TASK ITEM:
Transcribe the listing below in full, exactly, with no images.

RECORDED INFORMATION:
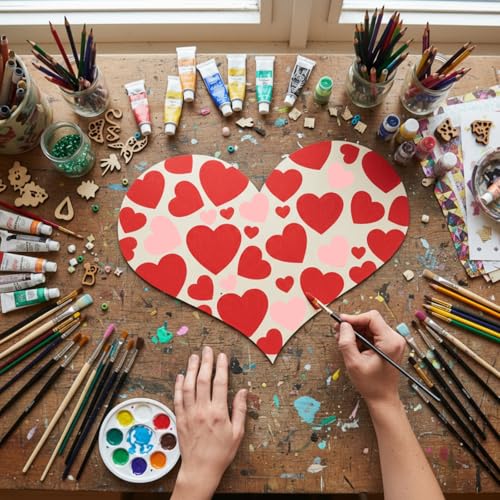 12 Pack 12 Inch Valentine Wood Heart Cutouts for Crafts Unfinished Blank Wooden Heart Shape Wood Slices DIY Art for Wedding Home Valentine Party Decoration - color: multicolor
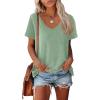imageHOTOUCH Womens T Shirts Rollup Short Sleeve V Neck Tees Fashion Tops Trendy Basic Soft Casual Summer TshirtLight Green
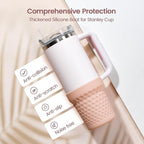 Silicone Boot for Stanley, Cup Bottom Protector Sleeve Accessories for Stanley Quencher H2.0 FlowState Tumbler 40oz / Stanley Adventure Quencher Tumbler 40oz (Pink)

YOUR SOLUTION:
 12 Pack 12 Inch Valentine Wood Heart Cutouts for Crafts Unfinished Blank Wooden Heart Shape Wood Slices DIY Art for Wedding Home Valentine Party Decoration - color: multicolor
imageHOTOUCH Womens T Shirts Rollup Short Sleeve V Neck Tees Fashion Tops Trendy Basic Soft Casual Summer TshirtLight Green
 Silicone Boot for Stanley, Cup Bottom Protector Sleeve Accessories for Stanley Quencher H2.0 FlowState Tumbler 40oz / Stanley Adventure Quencher Tumbler 40oz (Pink)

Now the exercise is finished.